Again, relax, take a deep breath and read on, this is not about the death of dedupe.

Now for others, you might wonder why the dedupe tongue in check humor mentioned above (which is what it is) and the answer is quite simple. The industry in general is drunk on dedupe and in some cases thus having numbed its senses not to mention having blurred its vision of the even bigger opportunities for the business benefits of data footprint reduction beyond todays backup centric or vmware server virtualization dedupe discussions.

Likewise, it is time for the industry to wake (or sober) up and instead of trying to stuff everything under or into the narrowly focused dedupe bottle. Instead, realize that there is a broader umbrella called data footprint impact reduction which includes among other techniques, dedupe, archive, compression, data management, data deletion and thin provisioning across all types of data and applications. What this means is a broader opportunity or market than what exists or being discussed today leveraging different techniques, technologies and best practices.

Consequently this piece is about expanding the discussion to the larger opportunity for vendors or vars to extend their focus to the bigger world of overall data footprint impact reduction beyond where currently focused. Likewise, this is about IT customers realizing that there are more opportunities to address data and storage optimization across your entire organization using various techniques instead of just focusing on backup.

In other words, there is a very bright future for dedupe as well as other techniques and technologies that fall under the data footprint reduction umbrella including data stored online, offline, near line, primary, secondary, tertiary, virtual and in a public or private cloud..

Before going further however lets take a step back and look at some business along with IT issues, challenges and opportunities.

What is the business and IT issue or challenge?
Given that there is no such thing as a data or information recession shown in figure 1, IT organizations of all size are faced with the constant demand to store more data, including multiple copies of the same or similar data, for longer periods of time.


Figure 1: IT resource demand growth continues

The result is an expanding data footprint, increased IT expenses, both capital and operational, due to additional Infrastructure Resource Management (IRM) activities to sustain given levels of application Quality of Service (QoS) delivery shown in figure 2.

Some common IT costs associated with supporting an increased data footprint include among others:

  • Data storage hardware and management software tools acquisition
  • Associated networking or IO connectivity hardware, software and services
  • Recurring maintenance and software renewal fees
  • Facilities fees for floor space, power and cooling along with IT staffing
  • Physical and logical security for data and IT resources
  • Data protection for HA, BC or DR including backup, replication and archiving


Figure 2: IT Resources and cost balancing conflicts and opportunities

Figure 2 shows the result is that IT organizations of all size are faced with having to do more with what they have or with less including maximizing available resources.
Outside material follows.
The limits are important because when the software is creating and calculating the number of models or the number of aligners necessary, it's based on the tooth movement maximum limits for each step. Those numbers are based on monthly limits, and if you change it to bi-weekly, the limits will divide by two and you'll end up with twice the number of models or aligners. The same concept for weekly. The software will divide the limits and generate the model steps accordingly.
In addition, IT organizations often have to overcome common footprint constraints (available power, cooling, floor space, server, storage and networking resources, management, budgets, and IT staffing) while supporting business growth.

Figure 2 also shows that to support demand, more resources are needed (real or virtual) in a denser footprint, while maintaining or enhancing QoS plus lowering per unit resource cost. The trick is improving on available resources while maintaining QoS in a cost effective manner. By comparison, traditionally if costs are reduced, one of the other curves (amount of resources or QoS) are often negatively impacted and vice versa. Meanwhile in other situations the result can be moving problems around that later resurface elsewhere. Instead, find, identify, diagnose and prescribe the applicable treatment or form of data footprint reduction or other IT IRM technology, technique or best practices to cure the ailment.
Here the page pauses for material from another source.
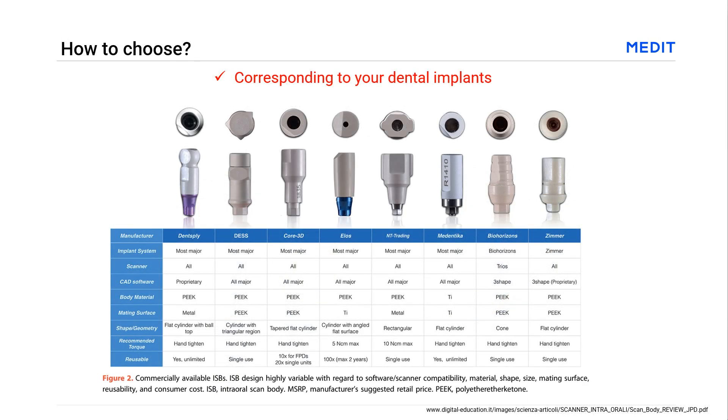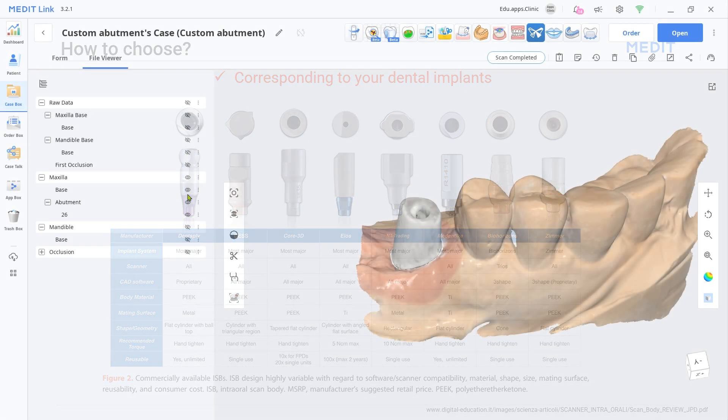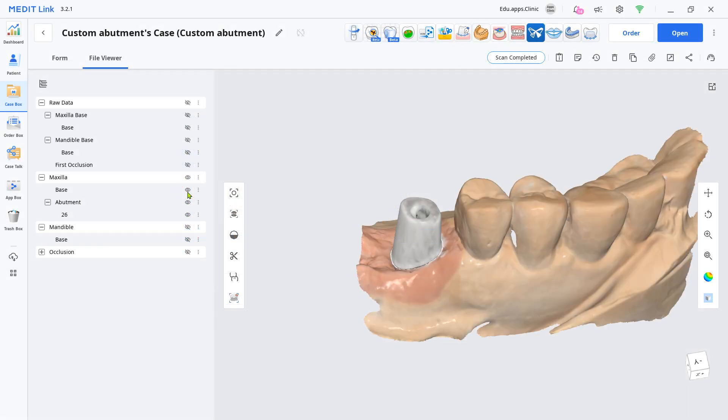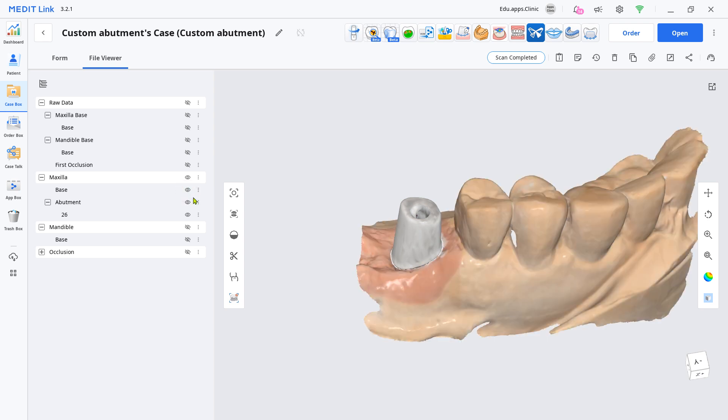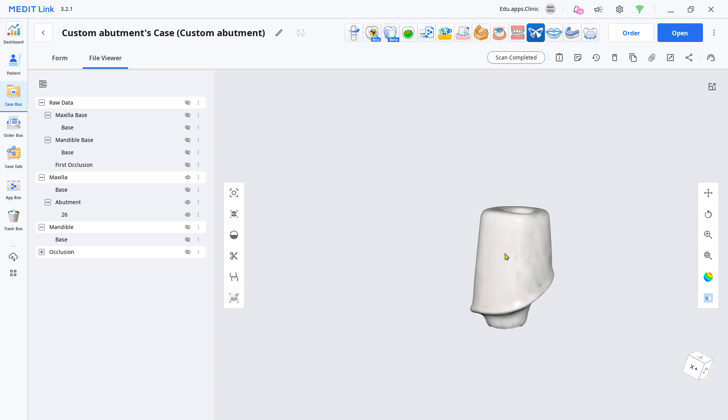Normally, you would use the scan body to deliver the exact location and angulation of implant, but if the margin is either equal or subgingival, then you can create your own custom abutment library in MeditLink and send it to your lab after matching. Please note that the plaster model has been used as an example for this demonstration.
What is driving the expanding data footprint?
Granted more data can be stored in the same or smaller physical footprint than in the past, thus requiring less power and cooling per Gbyte, Tbyte or PByte. Data growth rates necessary to sustain business activity, enhanced IT service delivery and enable new applications are placing continued demands to move, protect, preserve, store and serve data for longer periods of time.

The popularity of rich media and Internet based applications has resulted in explosive growth of unstructured file data requiring new and more scalable storage solutions. Unstructured data includes spreadsheets, Power Point, slide decks, Adobe PDF and word documents, web pages, video and audio JPEG, MP3 and MP4 files. This trend towards increasing data storage requirements does not appear to be slowing anytime soon for organizations of all sizes.

After all, there is no such thing as a data or information recession!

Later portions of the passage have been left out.